◆ Data for review
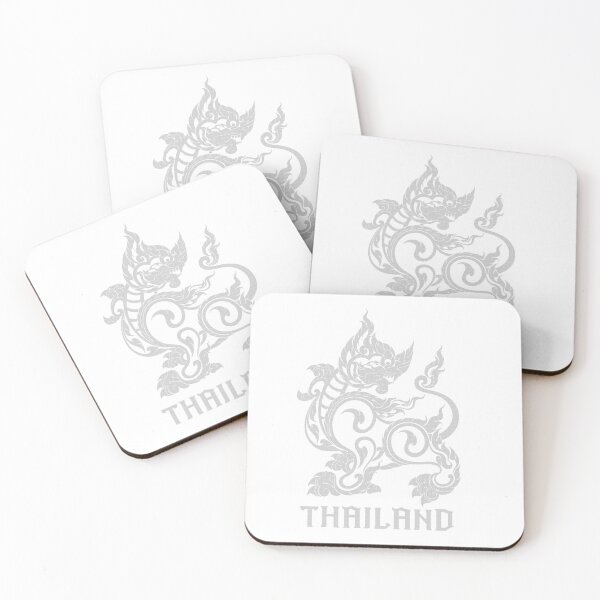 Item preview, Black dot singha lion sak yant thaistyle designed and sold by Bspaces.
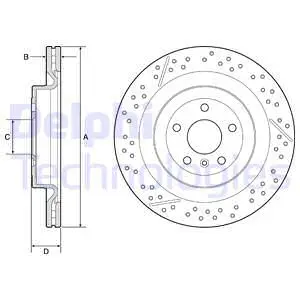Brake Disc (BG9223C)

==

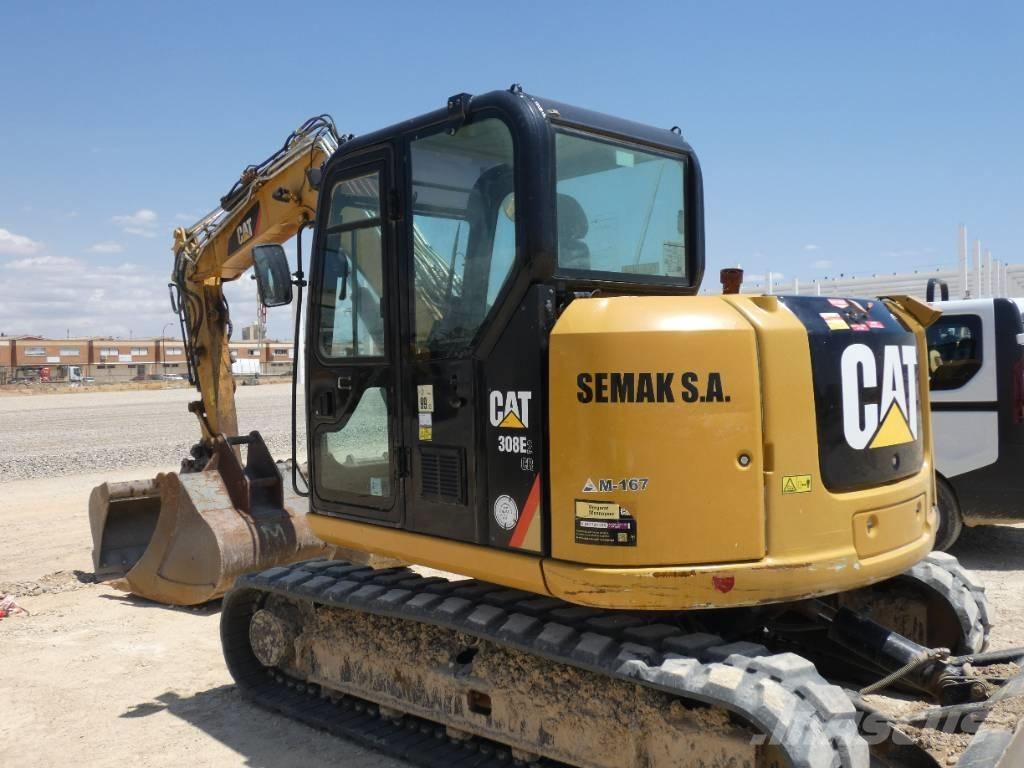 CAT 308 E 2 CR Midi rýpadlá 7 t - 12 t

◆ Goal of the exercise
Using the data above, give again exactly the lines starting at the one holding "Item preview, Black" and ending at the one holding "Brake Disc (BG9223C)", inclusive, and nothing more. Omit the pictures.

◆ Task answer
 Item preview, Black dot singha lion sak yant thaistyle designed and sold by Bspaces.
Brake Disc (BG9223C)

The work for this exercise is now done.